Dark fantasies
I just got finished watching an extreme bondage porn.....i was so turned on by it i masturbated and came so hard! i love that kind of porn and i have always fantasized about being abducted by a group of men and just fucked into a coma!! just the thought of being surrounded by a bunch of cocks going in and out of every hole, and being passed around, tied up, suffocated or choked makes me dripping wet! i don't know if this is a normal thing to fantasize about or am i just a freak? i have always had these thoughts ever since i became aware of my body as a teenager. and sometimes i can get my husband worked up while having sex so i can guide his hands around my neck and he just squeezes until i cum everywhere!! i can't help having this fantasy and i don't know if i will ever not have those thoughts. i just had to get it out in the open judge me if you want i don't care. and go ahead and call my post fake i don't care i just had to get it out and i have no one else to talk to with out fear of being called crazy or weird or even losing friends over it. now i feel a little better about my self now that my thoughts are put into words.
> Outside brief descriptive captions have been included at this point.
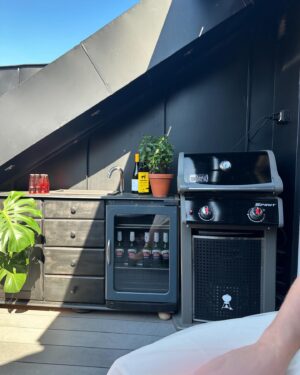 Gert Wingårdh Instagram - Husdrömmar s12

Hård dag på jobbet....

Underbar takvåning, underbart par och underbart väder!

Fantastiskaidéer och en otrolig vändning.

Säsong 12 blir bäst🌞🌞🌞🌞🌞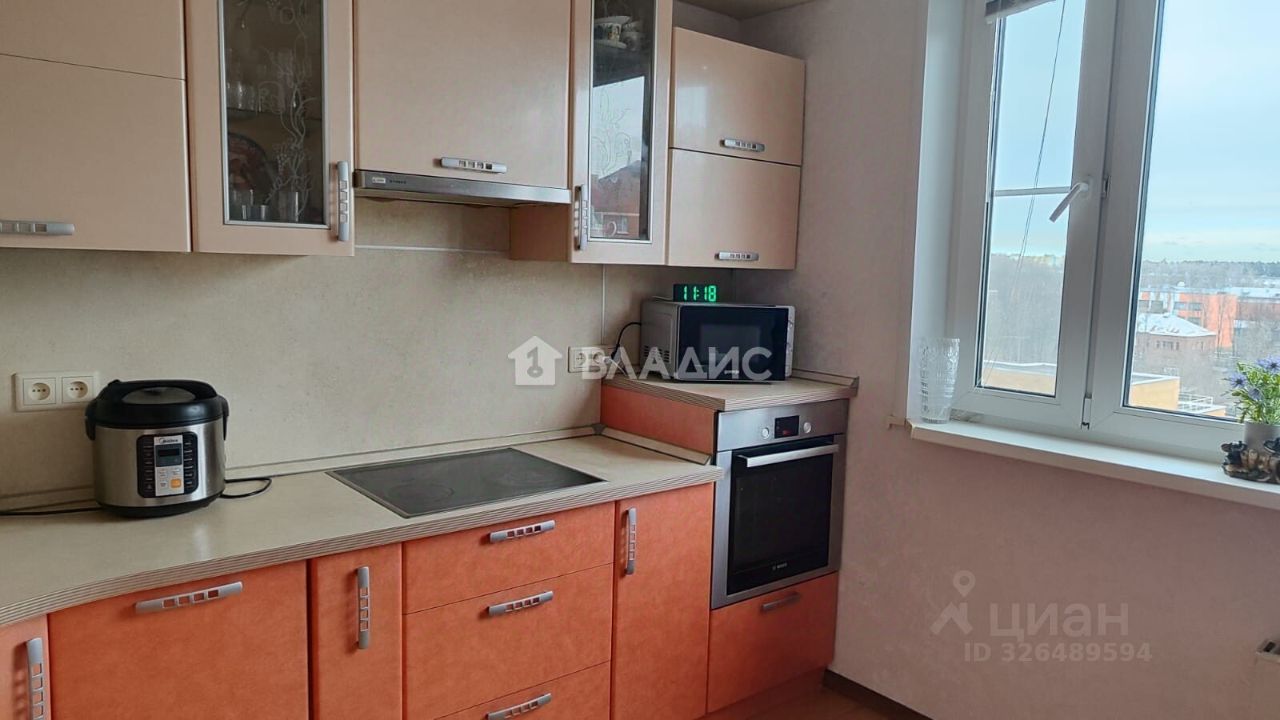 Продажа 3-комн квартиры на вторичном рынке Лобня, Текстильная улица, 12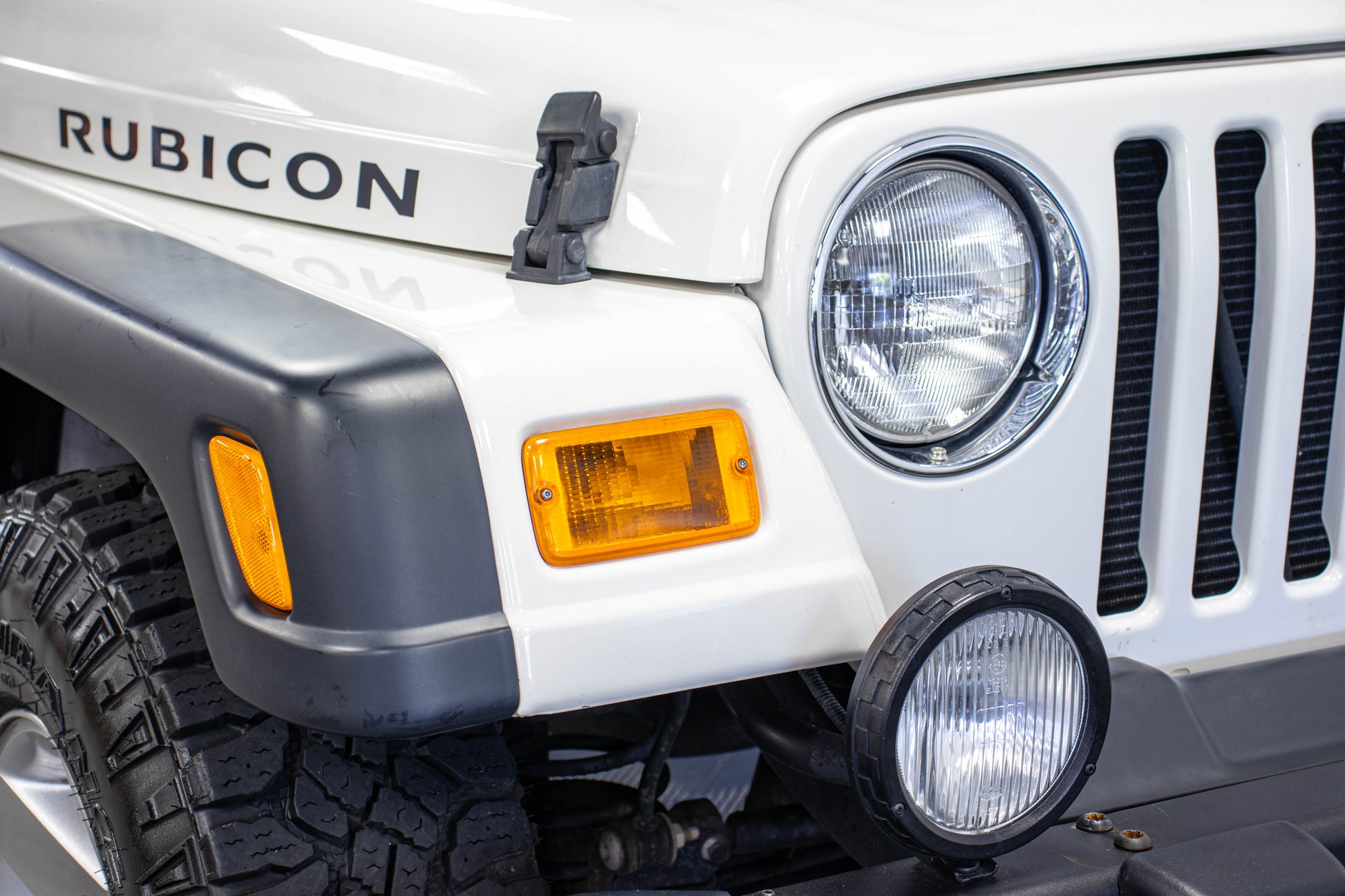 2004 Jeep Wrangler TJ Rubicon Dual Top Stone White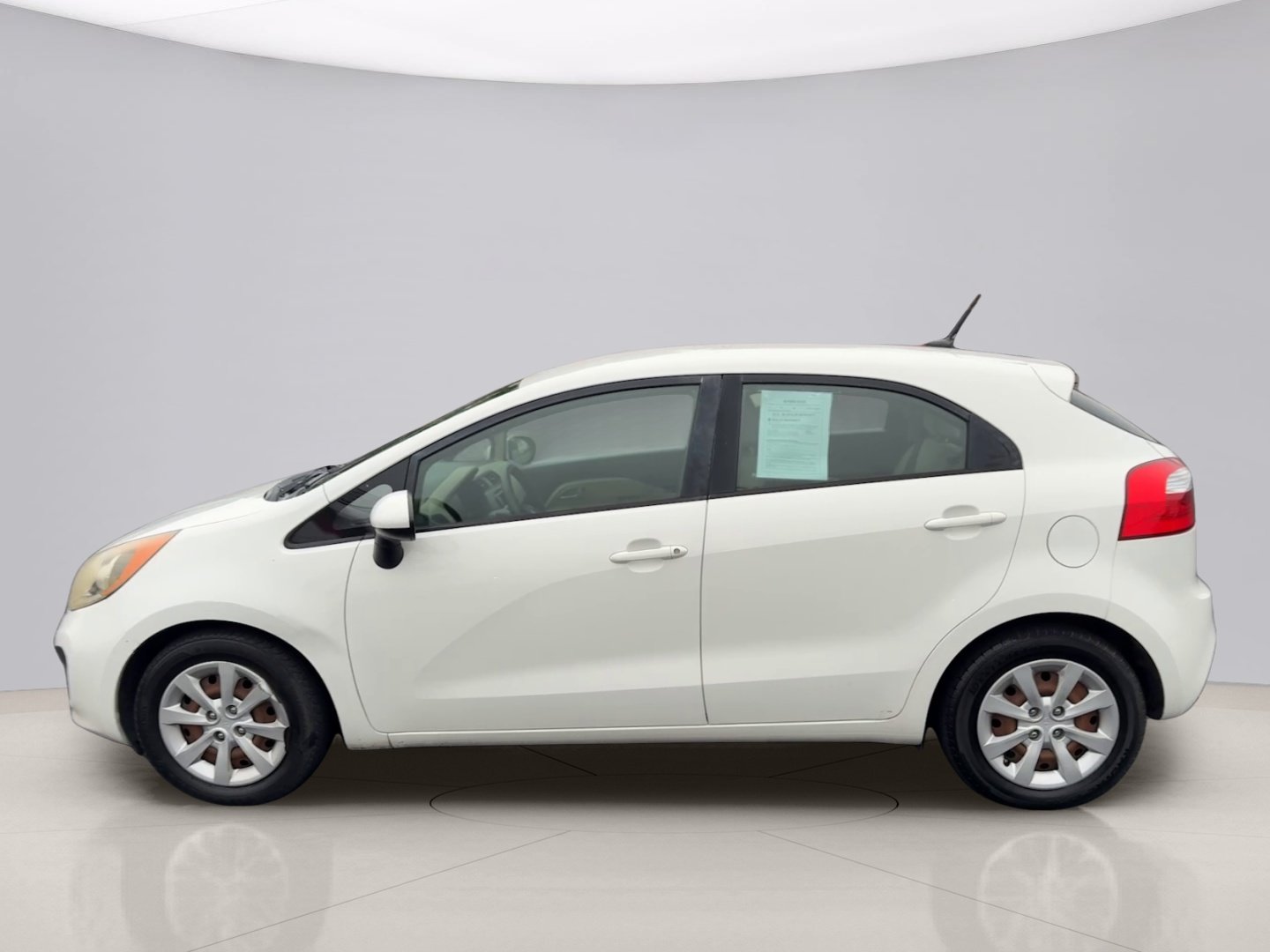 Used 2012 White Kia EX image 2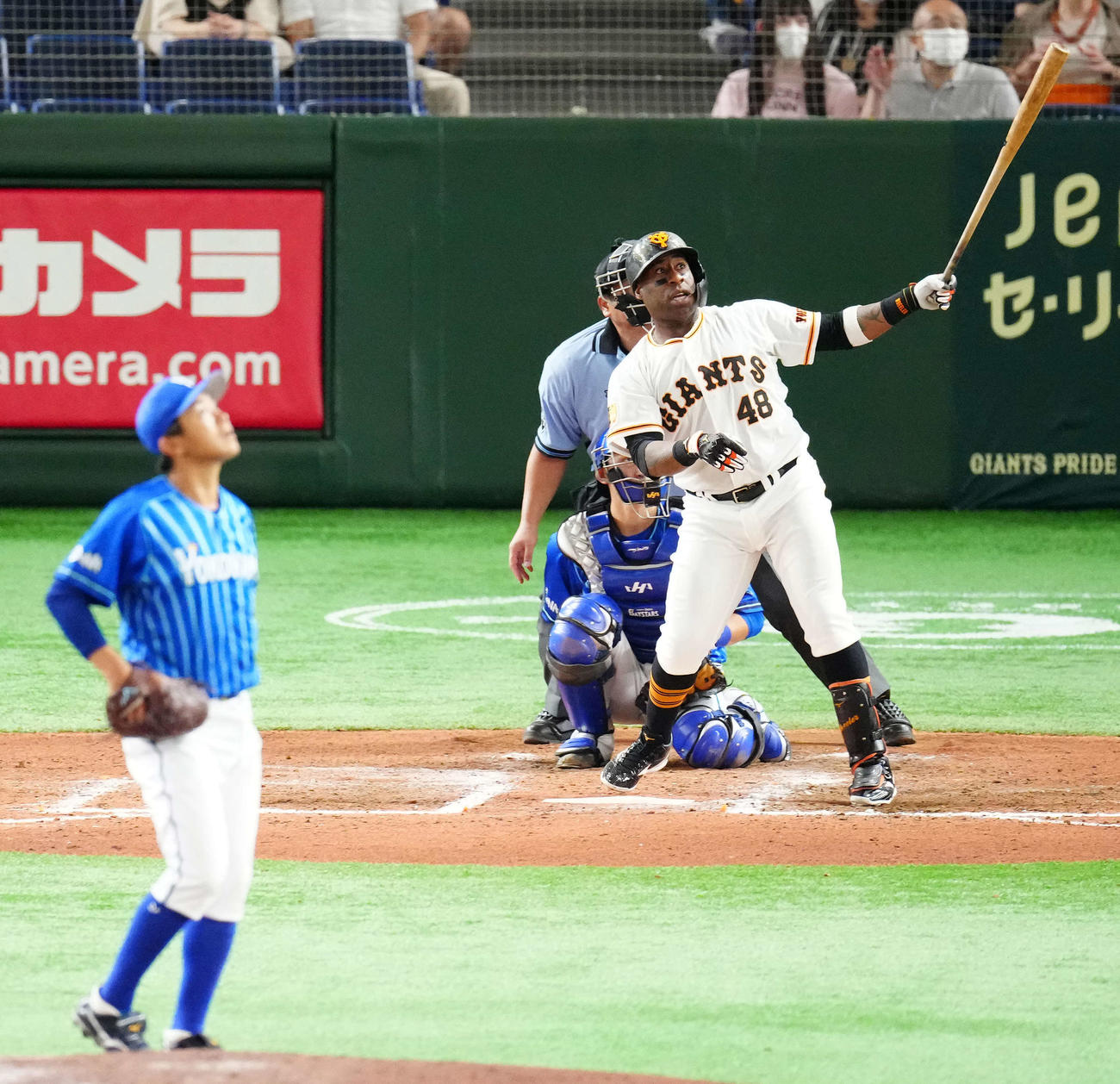 巨人対DeNA 7回裏巨人1死、同点ソロ本塁打を放つウィーラー。投手今永（撮影・江口和貴）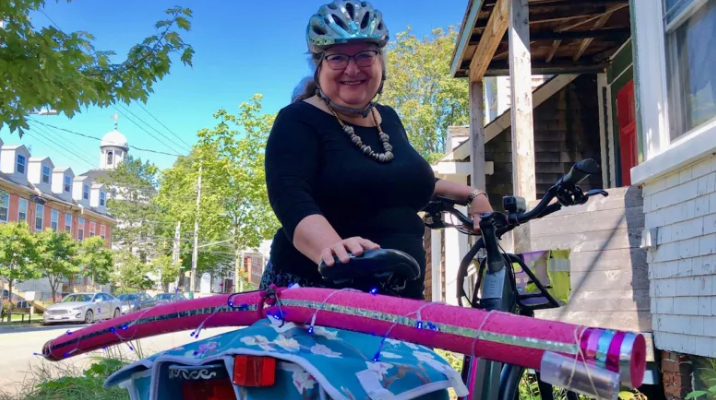 Halifax cyclist uses pink pool noodle for added safety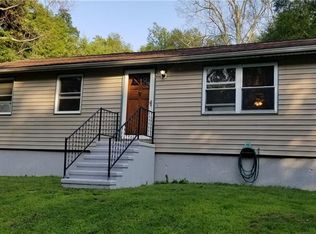 195 Clarke Rd, Lebanon, CT 06249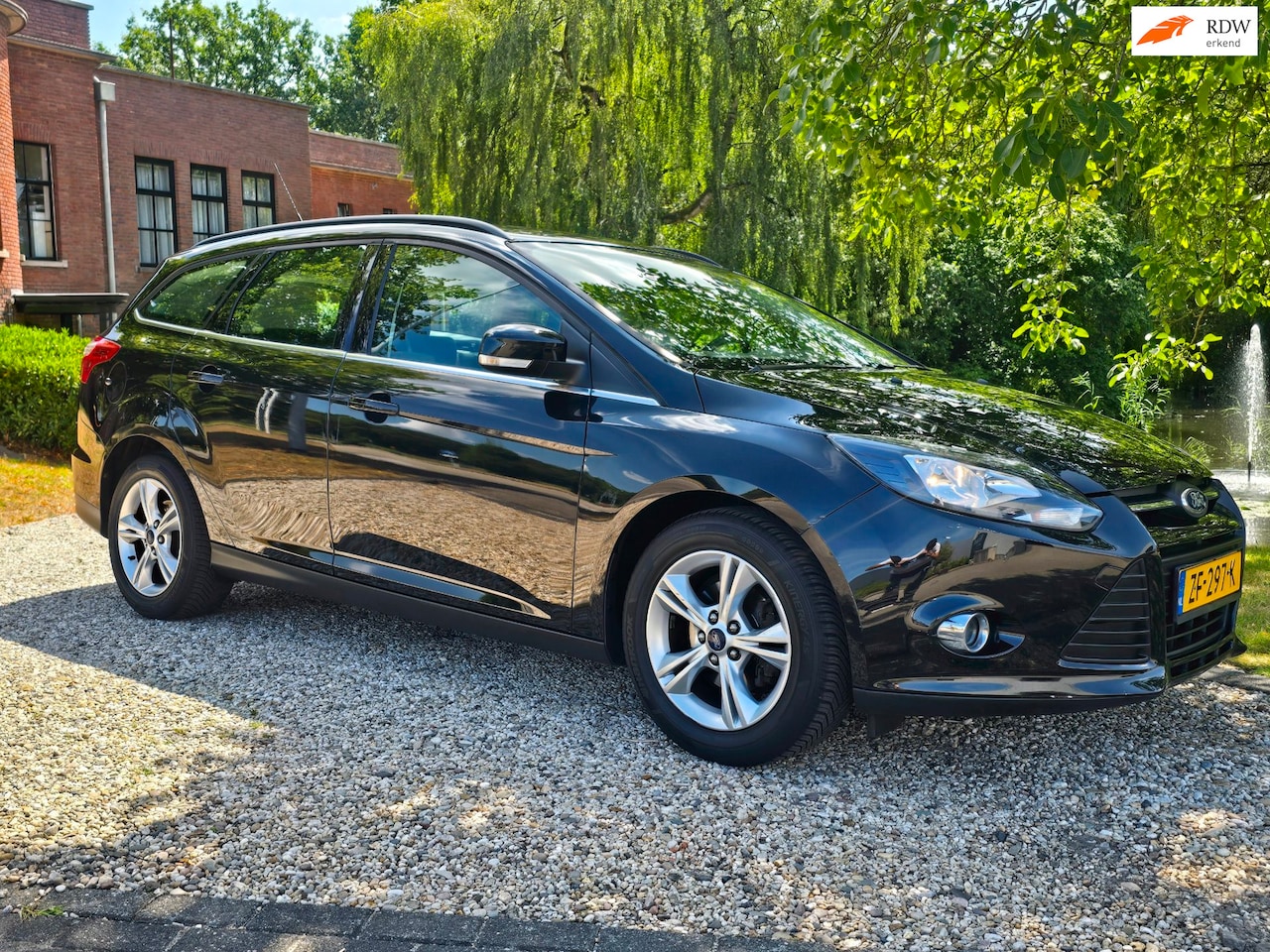 Ford Focus Wagon - 1.0 EcoBoost Lease Titanium 1.0 EcoBoost Lease Titanium - AutoWereld.nl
Try it girl... Lots of girls find it erotic to be used like a slut. There will be a website you will be able to arrange a gang bang somewhere. wow, you sound freaky.
Can u give ur gmail I'd
I could have written this post myself. I have the exact same fantasies. I remember when I was just beginning to become aware of my body, I would have these daydreams about being kidnapped and tied up by a man. There has always been a thrill for me when I don't know if a man cares about me or has only ill intentions. I want someone to be deeply and darkly obsessed with me, the way my first love was. He was only entertaining himself but then he couldn't get enough. I've never gotten over the fact that he stopped being obsessed with me, and I no longer have any control over him.